AVAILABLE DATA:
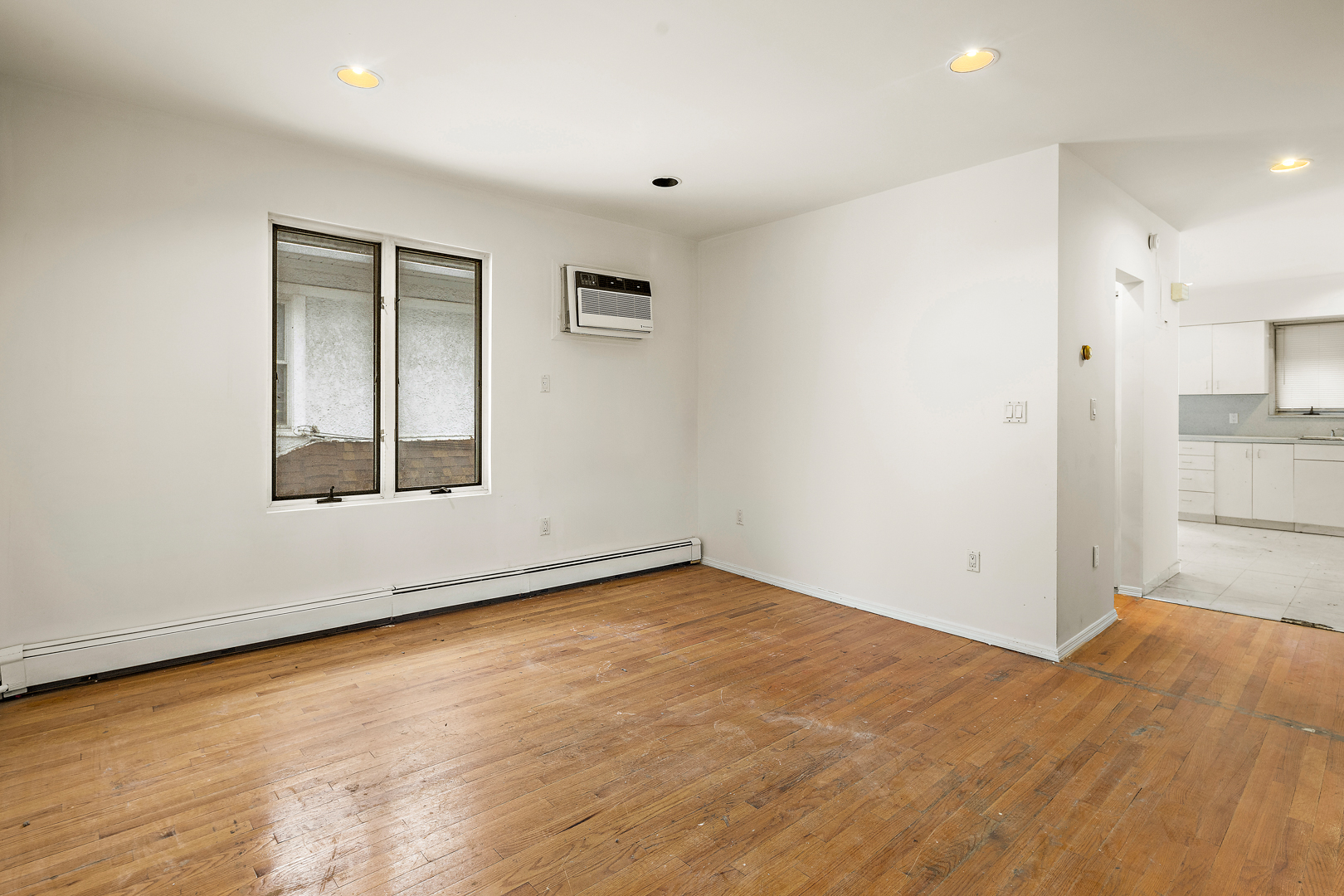 558 84th Street Brooklyn, NY 11209 - Photo 18 of 25 a view of an empty room with wooden floor and a window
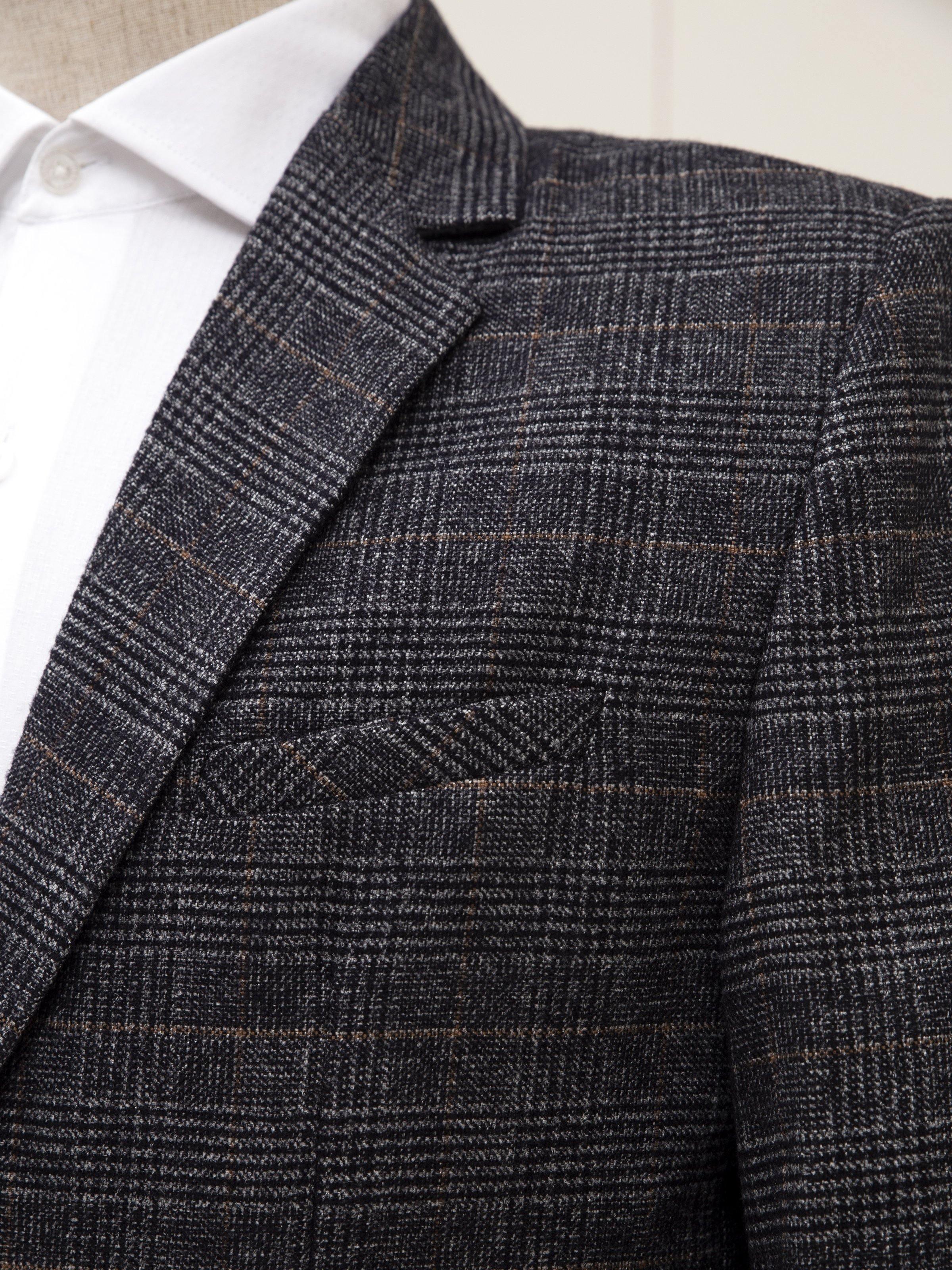 Grey plaid blazer-style jacket with white shirt collar peeking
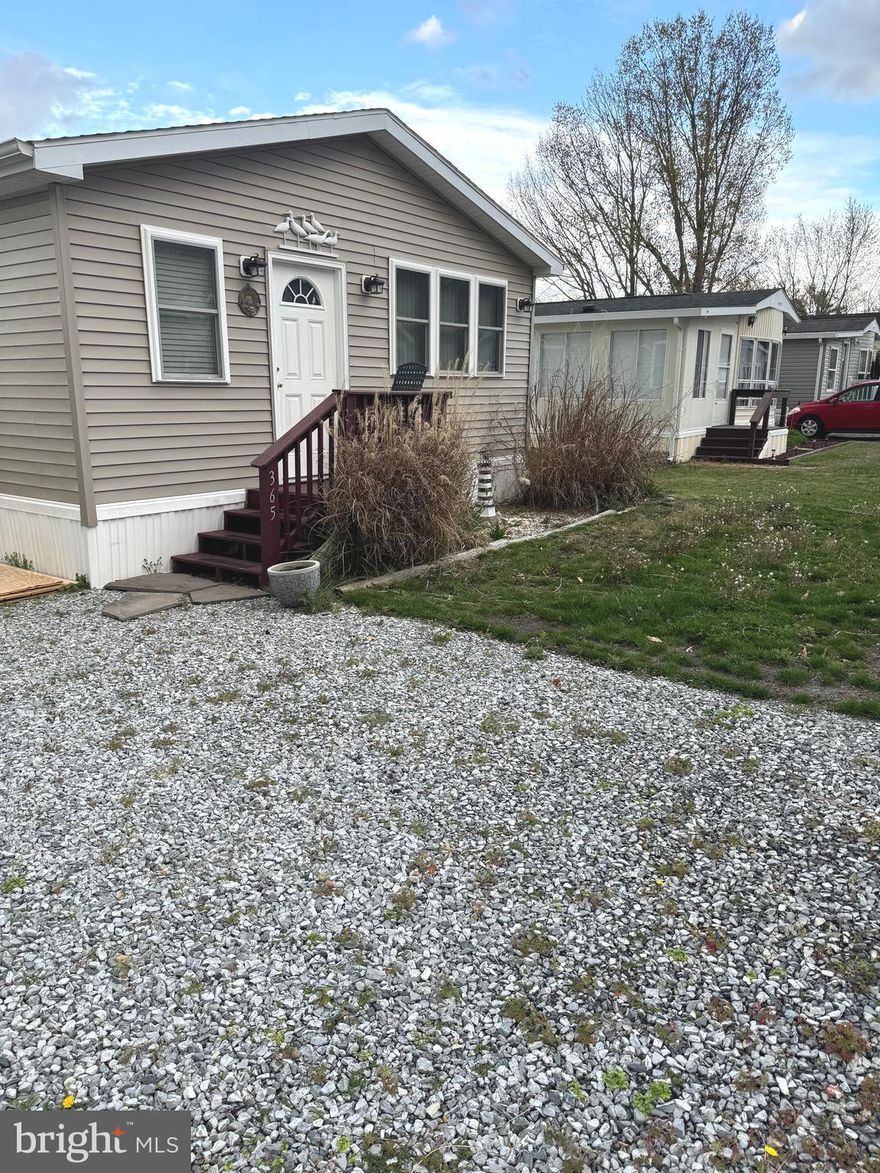 Adorable 3 bedroom 1 bath cottage located in the popular vacation neighborhood of White Horse Park. This home is clean as a pin, well maintained, move in ready, with plenty of parking, large shed, and washer/dryer. It is being sold mostly furnished and ready to enjoy this summer! Great pool, boat ramp, kayak storage, playground, and boat storage too.  
Please note there are some limited restrictions as to when you can stay in park during winter months. There is off season occupancy use per county code. Full time use April 1-September 30th. 60 days total use from October 1-March 31 with a 30 consecutive day max. Ask listing agent or park manager. Park is open 365 days. Must enter park w/REALTOR by signing in at either office or security gate. Office is open 8am to 4pm except closed on Sunday. When office is closed security guard is at gatehouse in front of office.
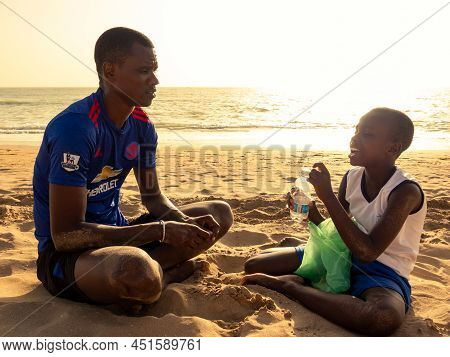 Saly, Mbour, Senegal - Circa December 2021. Unidentified Mature Man And Teenager, Father And Son, Do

INSTRUCTIONS TO FOLLOW: Exact repetition is required for the lines from the first one in the listing through the one that holds "Adorable 3 bedroom", and pictures are to be omitted.

EXERCISE RESULT:
 558 84th Street Brooklyn, NY 11209 - Photo 18 of 25 a view of an empty room with wooden floor and a window
 Grey plaid blazer-style jacket with white shirt collar peeking
 Adorable 3 bedroom 1 bath cottage located in the popular vacation neighborhood of White Horse Park. This home is clean as a pin, well maintained, move in ready, with plenty of parking, large shed, and washer/dryer. It is being sold mostly furnished and ready to enjoy this summer! Great pool, boat ramp, kayak storage, playground, and boat storage too.  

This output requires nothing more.